Lorca, a city located in the South of Spain with currently 92,000 inhabitants, launched its open data initiative on January 9th 2014. Initially it offered 23 datasets containing transport, mobility, statistical and economic information. From the very beginning, OpenSpending was the tool selected by Lorca City Council because of its capabilities and incredible visualization abilities. The first upload of datasets was done in 2013, on the previous version of OpenSpending. With the OpenSpending relaunch last year, Lorca City Council continued to make use of the OpenSpending datastore, while the TreeMap view of the expenditure budget was embedded on the council’s open data website.
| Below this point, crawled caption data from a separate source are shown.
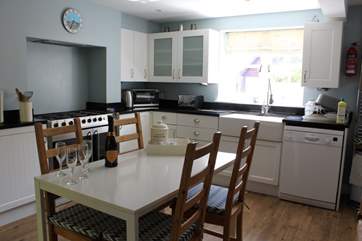 The large kitchen/breakfast-room is both modern and fully equipped.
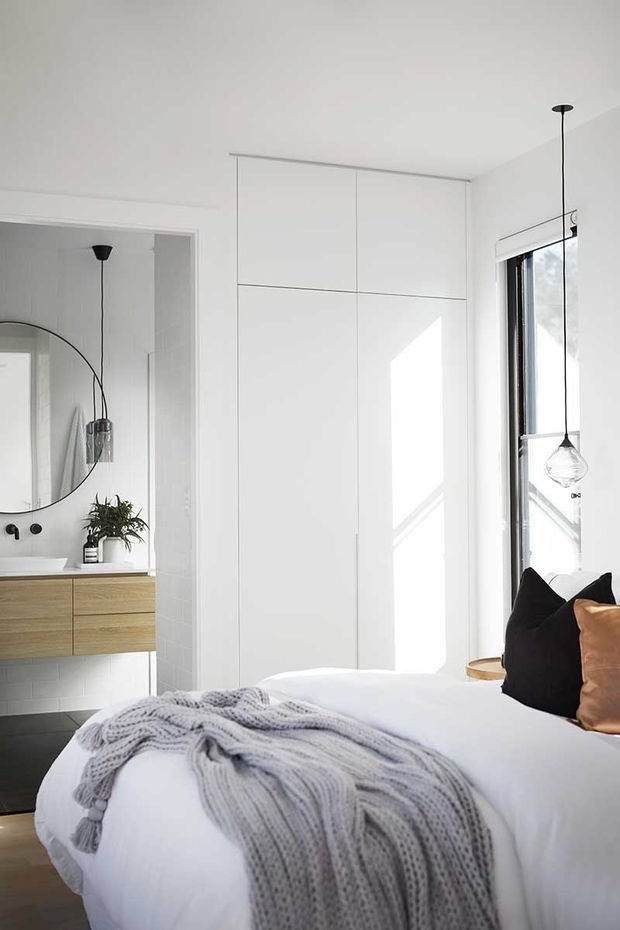 Bright contemporary bedroom with a predominantly white palette, floor-to-ceiling built-in wardrobe cabinetry, large window, and a partially visible adjacent bathroom vanity. The bed is dressed in white linen with a chunky grey knitted throw and dark and tan cushions. Minimal black pendant lights and a round wall mirror add contrast.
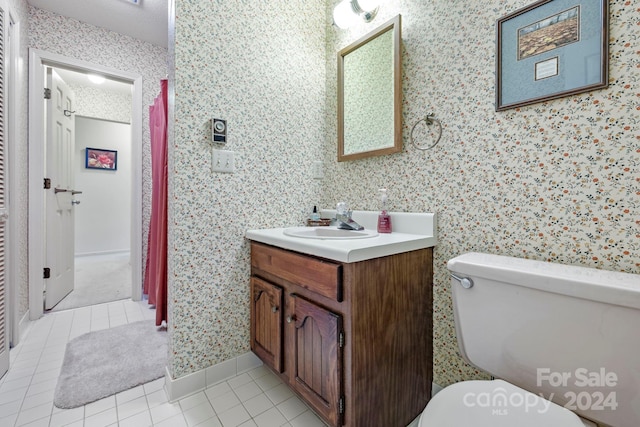 bathroom with tile patterned flooring, toilet, a textured ceiling, and vanity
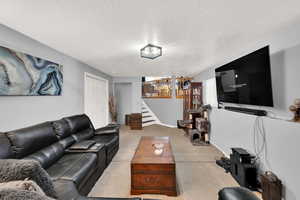 Living room with a textured ceiling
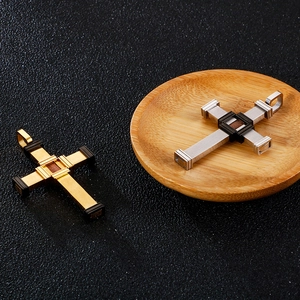 Close-up of gold and silver stainless steel cross pendants on a dark textured surface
In December 2016, the council’s open data website was redesigned, including budget datasets built with the new version at next.openspending.org. The accounting management software of Lorca allows the automatic conversion of data files to csv. format, so these datasets are compatible with the requested formats established by OpenSpending. Towards more transparency and becoming a smart city In 2015, when the City of Lorca transparency website was launched, the council decided to continue with the same strategy focused on visualization tools to engage citizens with an intuitive approach to the budget data. Lorca is a city pioneer in the Region of Murcia in terms of open data and transparency. So far, 125 datasets have been released and much information is available along with the raw data. It deserves to be highlighted that there are pilot project initiatives to bring open data to schools, which was carried out during the past year. In 2017, we will resume to teach the culture of open data to school children with the main goal to demonstrate how to work with data by using open data. In the close future the council plans to open more data directly from the sources, i.e. achieve policy of open data by default. And of course Lorca intends to continue exploring other possibilities that Open Spending offers us to provide all this data to the citizenry. In addition, Lorca is working to become a smart city (article in Spanish only) – open data is a key element in this goal. Therefore, Lorca’s open data initiative will be a part of the Smart Social City strategy from the very beginning.